New revelations suggest that two key government ministers knew of financial irregularities in the Vote Leave campaign

Money, power, a tangled web

Dear All,

Another week, and another whistleblower has come forward in the shocking Cambridge Analytica-Facebook data-Brexit scandal.

And another glimpse into how the media stands divided by politics: right wing outlets have downplayed, and even ignored, a story that details how campaign spending rules were breached and that alleges two British ministers were aware of these violations of electoral spending.

The second whistleblower is a young man named Shahmir Sanni who worked for the Leave campaign in the run-up to the Referendum in 2016. He was 22 then and was volunteering with Vote Leave, the official campaign to leave the European Union led by Boris Johnson and Michael Gove. Three months before the vote, one of the campaign’s senior directors (Stephen Parkinson) asked Sanni if he would help with one of their youth groups, BeLeave.

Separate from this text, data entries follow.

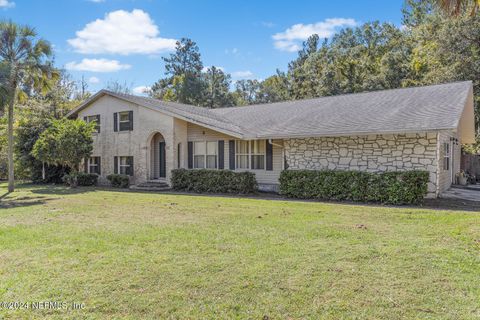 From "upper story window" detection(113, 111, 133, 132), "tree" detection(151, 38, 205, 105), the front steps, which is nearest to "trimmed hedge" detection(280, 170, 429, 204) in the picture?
the front steps

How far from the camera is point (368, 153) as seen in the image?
13.4 meters

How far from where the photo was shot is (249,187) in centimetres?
1496

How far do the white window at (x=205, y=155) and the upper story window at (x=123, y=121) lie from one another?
13.3ft

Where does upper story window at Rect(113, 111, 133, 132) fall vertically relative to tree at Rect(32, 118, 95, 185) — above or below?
above

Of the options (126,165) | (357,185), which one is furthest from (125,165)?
(357,185)

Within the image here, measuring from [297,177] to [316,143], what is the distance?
1995 millimetres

The young man began to work on BeLeave along with a young fashion student named Darren Grimes, who was a talented and effective designer and communicator on social media. About a month before the referendum they were told by another senior director at the campaign that ‘a sponsor wanted to give money to BeLeave and could they please write up a proposal?’ Vote Leave then ‘donated’ £625,000 to BeLeave. However the money was not handled by either of youngsters working on the youth campaign, and this is the crux of Sanni’s revelations: that this money was not a genuine donation but a way to channelise the money to a digital services firm linked to Cambridge Analytica (i.e. it was a way to overcome legal electoral spending limits).

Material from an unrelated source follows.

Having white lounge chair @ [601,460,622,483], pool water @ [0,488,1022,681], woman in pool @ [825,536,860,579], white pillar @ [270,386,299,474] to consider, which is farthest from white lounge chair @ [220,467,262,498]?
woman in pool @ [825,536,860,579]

Sanni told The Observer that he has come forward not just because of his unease that electoral spending rules were violated but also because he discovered that evidence was destroyed. He says there was a Google Drive on which he and Grimes had shared content with Vote Leave’s directors and the data analytics firm they used and that soon after the Election Commission decided to open an investigation into the ‘donation’ to BeLeave, the official campaign’s operations director had removed the Vote Leave’s officials’ names from the files (but the system had logged a record of her activity).

The official Leave campaign had insisted that BeLeave was a separate campaign organisation -- which means that they had separate spending limits. But if separate campaigns work together, they are obliged by law to declare their spending together, thereby reducing how much money they can put into their efforts. This was what the Leave campaign attempted to bypass.

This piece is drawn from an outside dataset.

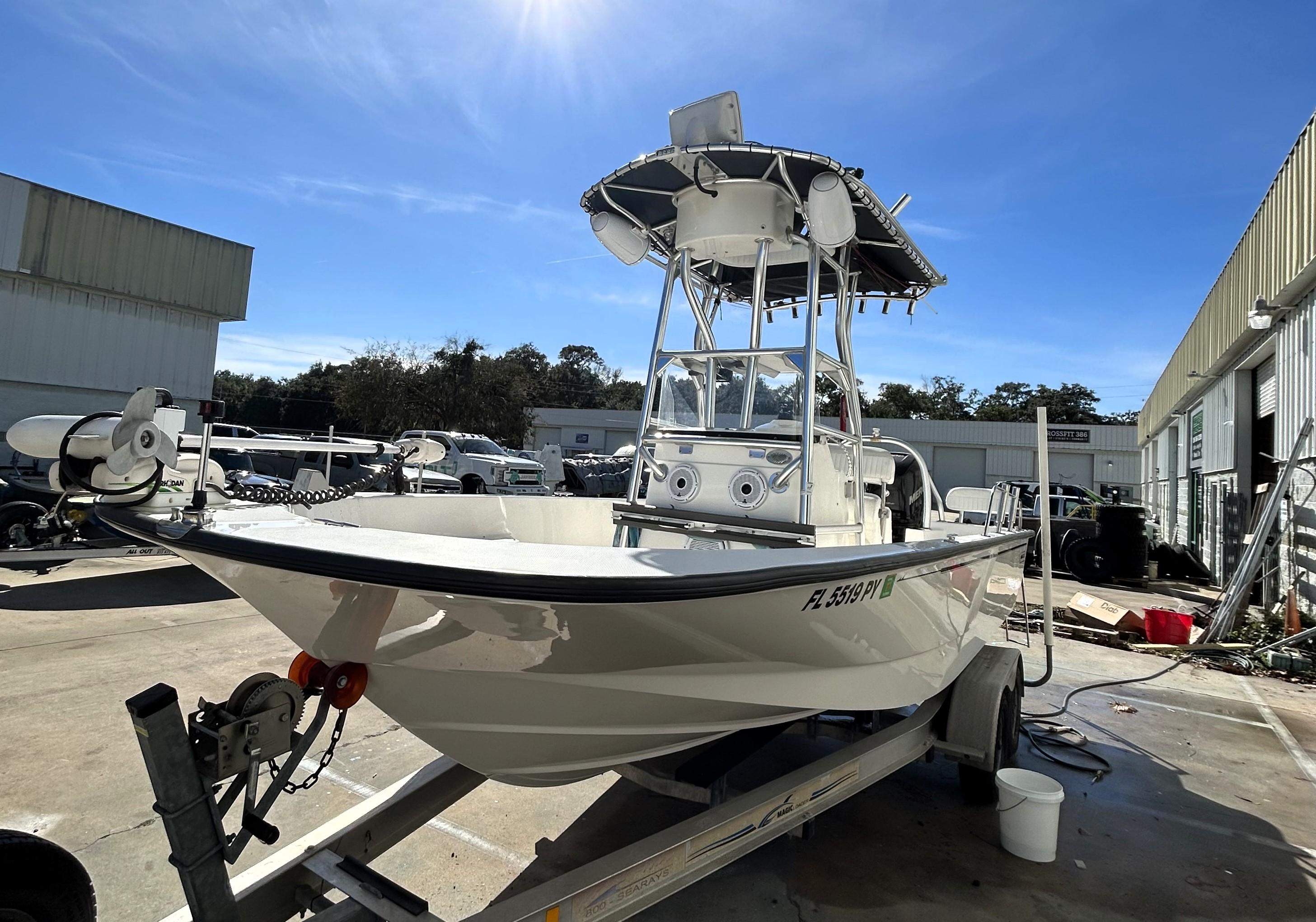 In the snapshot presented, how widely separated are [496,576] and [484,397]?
108 feet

So why is this important? Mainly because setting campaign spending limits is a way to try and level the playing field in electoral politics or as The Observer report put it "spending limits are the bedrock of our democracy".

Many inquiries into the data breach and the political campaign work undertaken by complex webs of tech data firms are now ongoing in several different countries.

The government reaction to this scandal has been a mixture of silence and outrage. The man who had asked Sanni to help with BeLeave is now special advisor to the prime minister and the denial he (Stephen Parkinson) issued in response to Sanni’s revelations quite unnecessarily outed Sanni. Parkinson attempted to muddy the waters by mentioning that he had dated Sanni. Outraged condemnation of this action by large sections of the press and public resulted only in the PM saying that she wouldn’t reprimand her advisor’s action because this was ‘a personal matter’.

Foreign Secretary Boris Johnson, meanwhile, continues to loudly proclaim the story to be "utterly ludicrous", and despite criticising Channel 4 news reports, he has so far refused to be interviewed by them on the matter. Michael Gove, Environment Secretary, has responded by ignoring the claims of maladministration or ‘cheating’, instead insisting the referendum "result must be respected".

Many inquiries into the data breach and the political campaign work undertaken by complex webs of tech data firms are now ongoing in several different countries. How Britain and the world respond to the situation is critical to the future of democratic systems. Because this is a wakeup call to societies and institutions; it is time to stop (or at least attempt to stop) elections becoming merely an investment opportunity for the most wealthy.